Despite the advent of the two new commercial channels and the arrival or return of shows like Hey Hey It’s Saturday, Home And Away, Beyond 2000, 60 Minutes, A Current Affair, Today and Sale Of The Century, initial ratings for the new three-station market in Canberra saw many local viewers remaining loyal to their former incumbent, Capital. This went against the capital city trend at the time which had Capital’s parent network Ten down in third place.
Capital won the survey with 38.5 per cent market share, followed by WIN (25.5%), ABC (16.8%), Prime (16.6%) and SBS (2.3%).
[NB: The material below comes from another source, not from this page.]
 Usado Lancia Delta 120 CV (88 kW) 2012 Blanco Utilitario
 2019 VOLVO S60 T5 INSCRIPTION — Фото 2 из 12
Capital’s dominance was largely underpinned by its 6.00pm news hour, which drew in as much as 65 per cent market share, while Prime and WIN’s new local news bulletins were down to single figures. With such a lead at the start of the evening, viewers stayed with Capital into prime time.
In Wollongong, WIN (42.5%) was miles ahead of second placed ABC (14.0%), followed by Capital (10.0%), Prime (9.4%) and SBS (1.4%). Even though the three commercial networks were now broadcast via local outlets, Wollongong viewers still showed some favour to the distant Sydney channels, with ATN7 (7.9%), TCN9 (7.1%) and TEN10 (6.7%).
By the end of the year, at a time when the Ten Network was in a dire financial situation, Capital was still leading in Canberra — with 37.9 per cent market share, followed by WIN (23.6%), Prime (22.5%), ABC (13.8%) and SBS (2.1%).
In Wollongong at the end of the year, WIN (39.5%) was ahead of Prime (17.7%), Capital (12.9%), ABC (10.4%) and SBS (1.1%), with the three Sydney channels on a combined 18.5%.
As time went on and as local viewers became more accustomed to their new choices and adapted their sets to receive the new channels on UHF, viewing patterns in the aggregated markets would begin to closer resemble those of the capital cities.